Hartenstein, meanwhile, enters Clippers training camp following two seasons in Houston and last year split between Denver and Cleveland. Drafted by the Rockets in 2017 in the second round, Hartenstein, who spent his formative years in Germany where he began playing pro ball at 18 and eventually joined legendary Lithuanian club Zalgiris Kaunas, was named G League Finals MVP in 2019 and was signed by the Nuggets in November of 2020 after being waived by Houston that July.
Buried on Denver’s bench behind All-NBA center Nikola Jokic, the 7-foot Hartenstein was traded at last season’s deadline to Cleveland for JaVale McGee and two second-round picks. He played well in 16 games for the Cavs, averaging 8.3 points, 6.0 rebounds and 2.5 assists in 17.9 minutes, and his good numbers combined with stout defense had some expecting Hartenstein to re-sign with the Cavaliers even after he declined his $1.7 million player option in July.
But the 23-year-old (same age as Giles) became expendable when the Cavs, who already have Jarrett Allen and Kevin Love under contract, selected USC center Evan Mobley with the third pick in the draft and then traded for Bulls power forward Lauri Markkanen at the end of August.
The Stakes Are High
It should be a well-contested battle between Giles and Hartenstein for the Clippers’ final spot and each player brings enough cockiness to the floor that it wouldn’t be shocking to see some real fireworks during training camp.
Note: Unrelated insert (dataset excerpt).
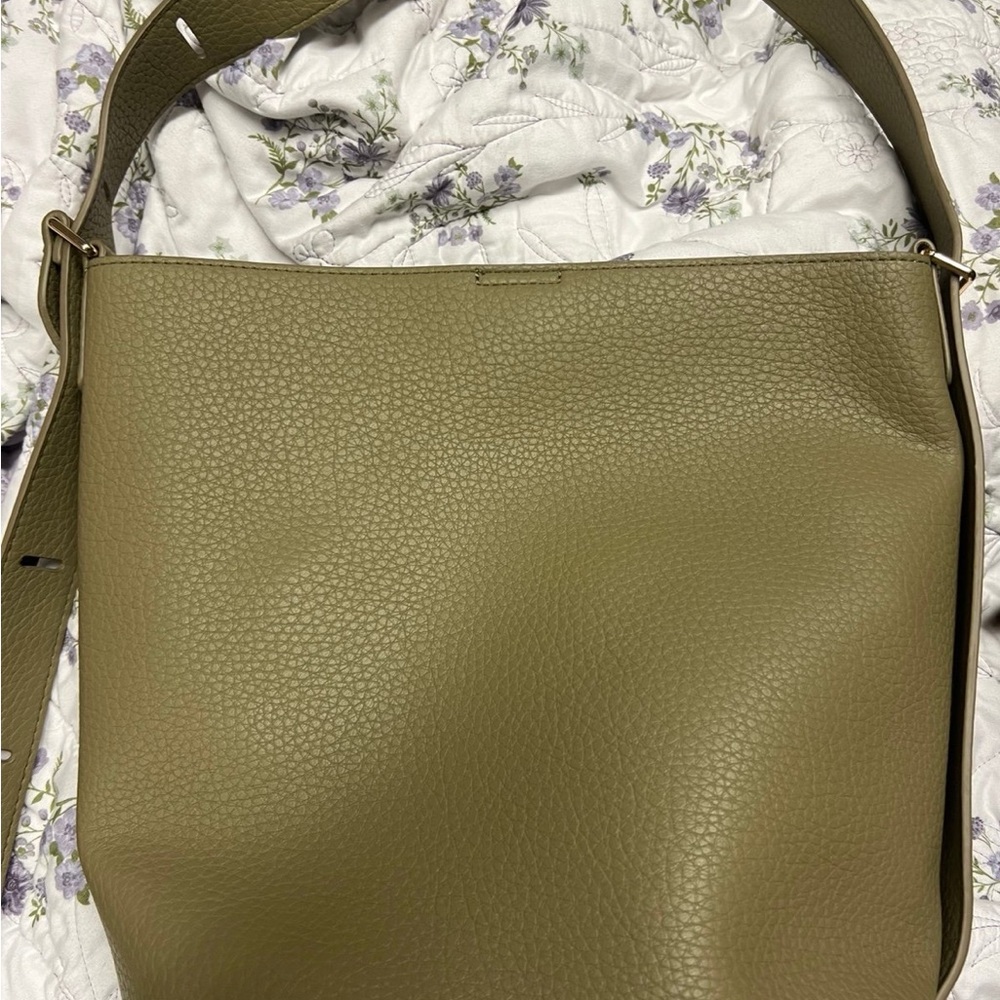 Olive Green Rachel Zoe Shoulder Bag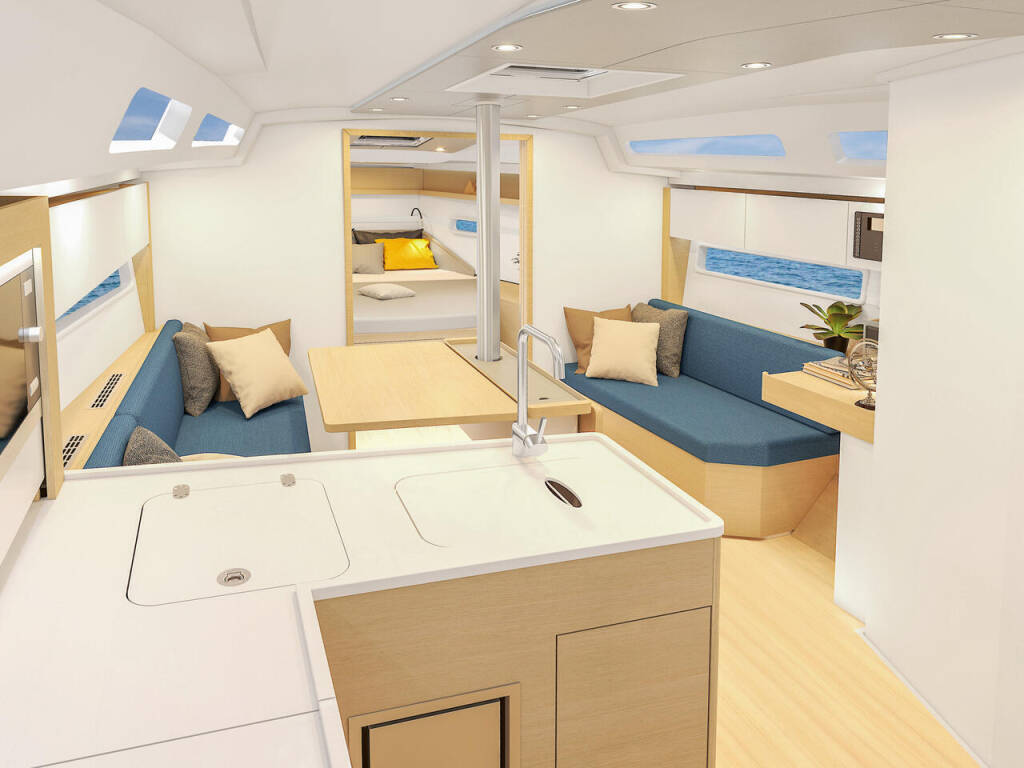 Segelyachten Hanse 360 Amelie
They are both above-average defensively, though employing differing styles. Giles tends to use his athleticism and energetic tenacity to frustrate opponents and is comfortable guarding on the perimeter, but his harassing style can sometimes lead to foul trouble and put him out of position. Hartenstein, by contrast, is not a great athlete but, similar to Zubac, has improved his discipline since entering the league and is not easily moved off the blocks. Hartenstein has also shown to be adequate at defending outside the paint, but, like Giles, is prone to fouls and sometimes gets lost in space. Per 36 minutes, both Giles and Hartenstein have career personal foul averages exceeding six.
Offensively, they are both excellent passers for their size but Giles is the superior ballhandler, able to start the break and better at going one-on-one from outside the paint. Hartenstein is more creative around the rim, with a nice touch that’s conducive to off-balance floaters and baby hooks — skills no doubt honed during his time in Europe — while Giles would prefer to simply go over his defender.
The deciding factor for the Clippers may come down to 3-point aptitude. Neither player is anywhere near Ibaka when it comes to stretching the floor, which the Clippers love to do, but last season in Portland, Giles clearly made a concerted effort to add the long-ball to his repertoire, connecting on 34.8% of 23 total 3-point attempts after taking just eight in his two years with the Kings. Hartenstein, however, is still hesitant to launch and has attempted only 17 3-pointers over his three years, with the high-water mark of six coming last season. (He made two.)
No matter who the Clippers choose, the ramifications will be significant for the losing player. As a fifth-year player, Giles is ineligible to sign a two-way deal (the limit is four years) so he’ll be forced to look elsewhere if he doesn’t win a spot outright. Technically, Hartenstein is still eligible for a two-way role, but it would be highly surprising if he opted to take that route rather than look around for another team or go back to Europe for a more lucrative deal.